#### Short descriptive text snippets
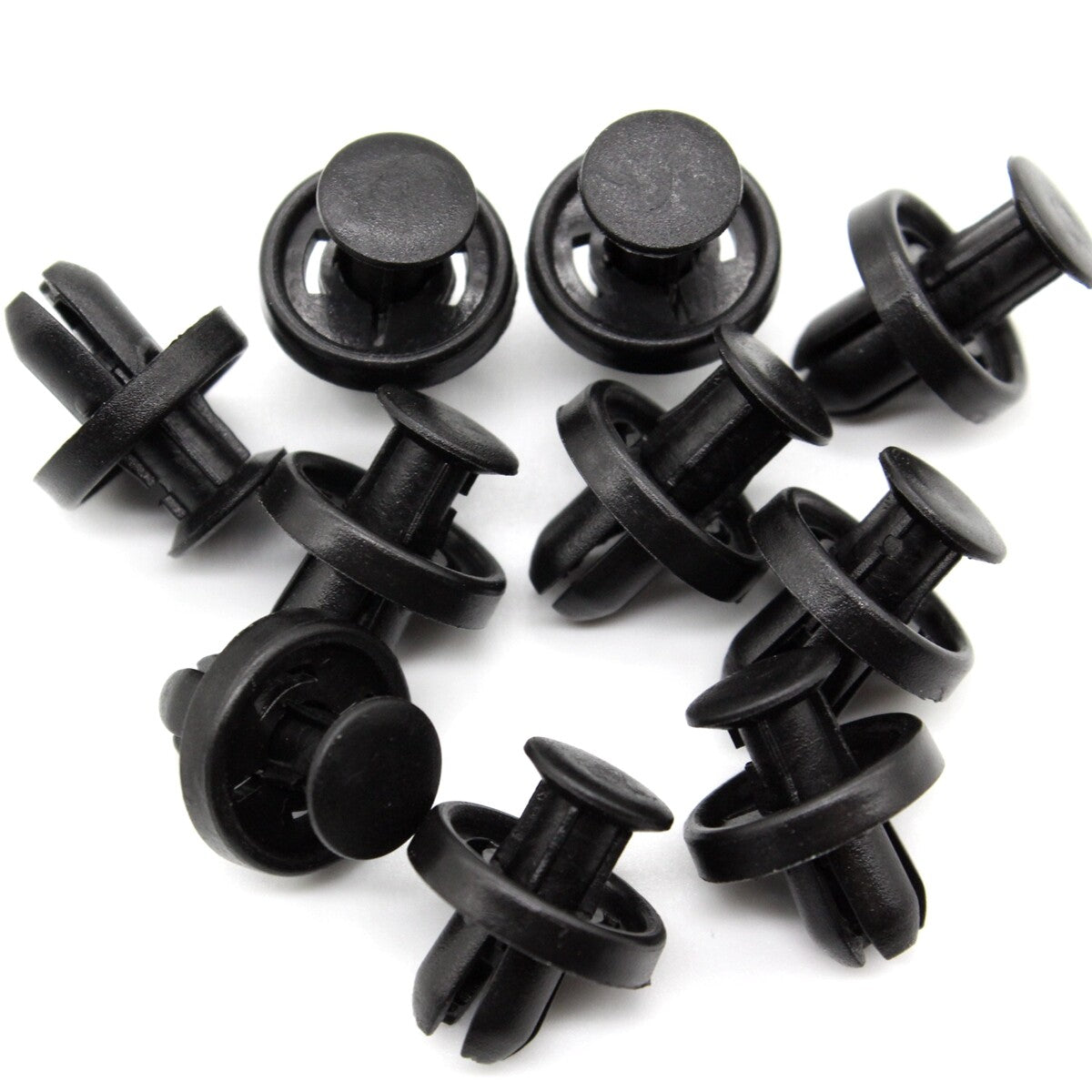 10 Clips Fender Liner, Engine Cover Push-Type Retainers for Subaru 909140065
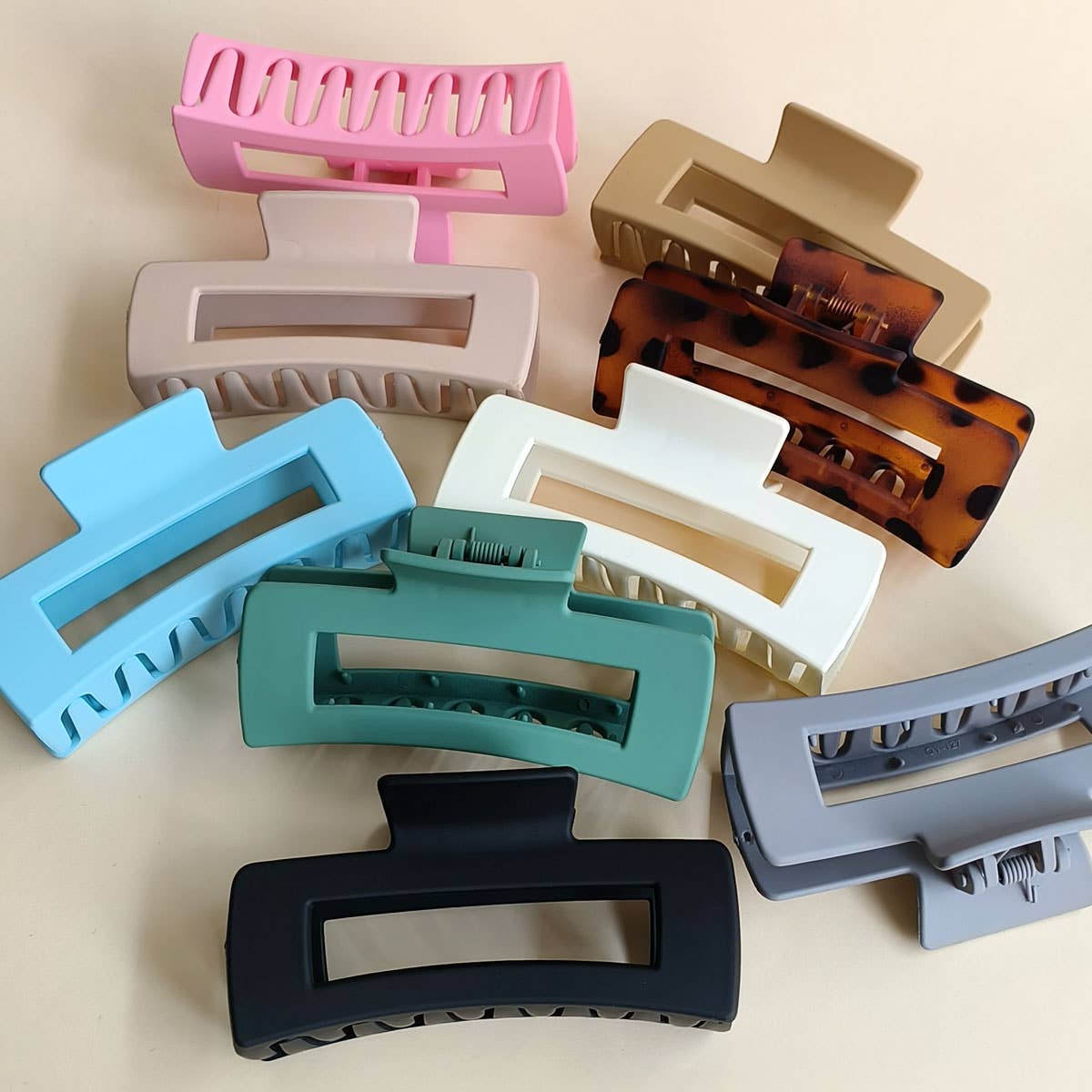 4.1 Inch Matte PS Plastic Hair Claw Clip, Wholesal_CWAHA0091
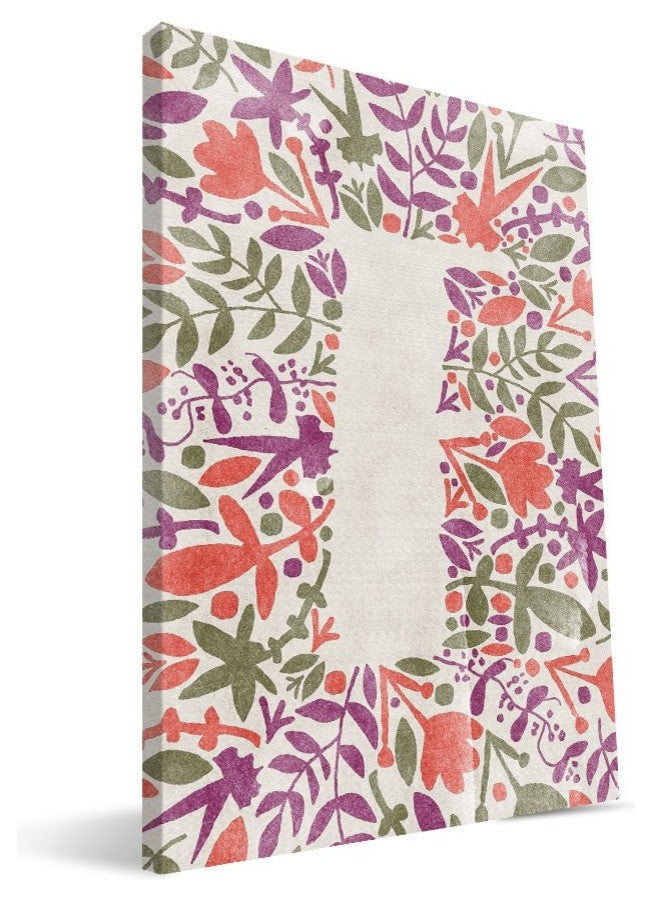 Monogram Collection "F" Canvas Print, 8"x12"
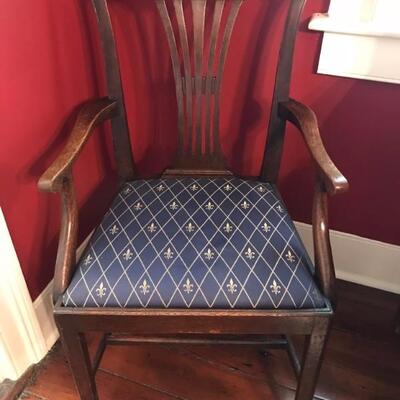 Set of 8 English dining chairs $2,400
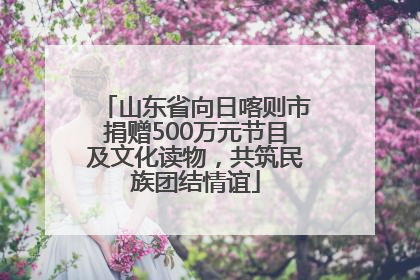 山东省向日喀则市捐赠500万元节目及文化读物，共筑民族团结情谊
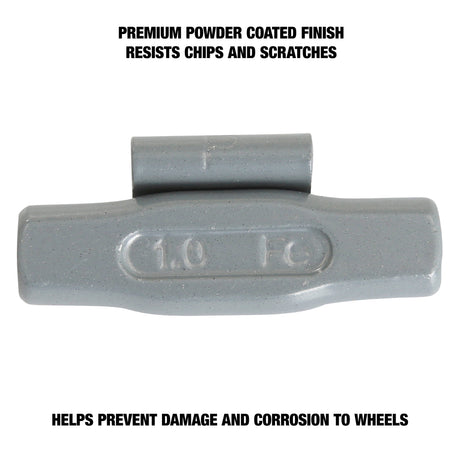 OEMTOOLS 23225 1.00 Oz. P Style Steel Wheel Weight - 1 Box of 25 Additional Image 3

#### HOW TO COMPLETE THIS TASK
Copy out each line of the data exactly as it reads; skip the pictures.

#### RESPONSE FOR THIS EXERCISE
 10 Clips Fender Liner, Engine Cover Push-Type Retainers for Subaru 909140065
 4.1 Inch Matte PS Plastic Hair Claw Clip, Wholesal_CWAHA0091
 Monogram Collection "F" Canvas Print, 8"x12"
 Set of 8 English dining chairs $2,400
 山东省向日喀则市捐赠500万元节目及文化读物，共筑民族团结情谊
 OEMTOOLS 23225 1.00 Oz. P Style Steel Wheel Weight - 1 Box of 25 Additional Image 3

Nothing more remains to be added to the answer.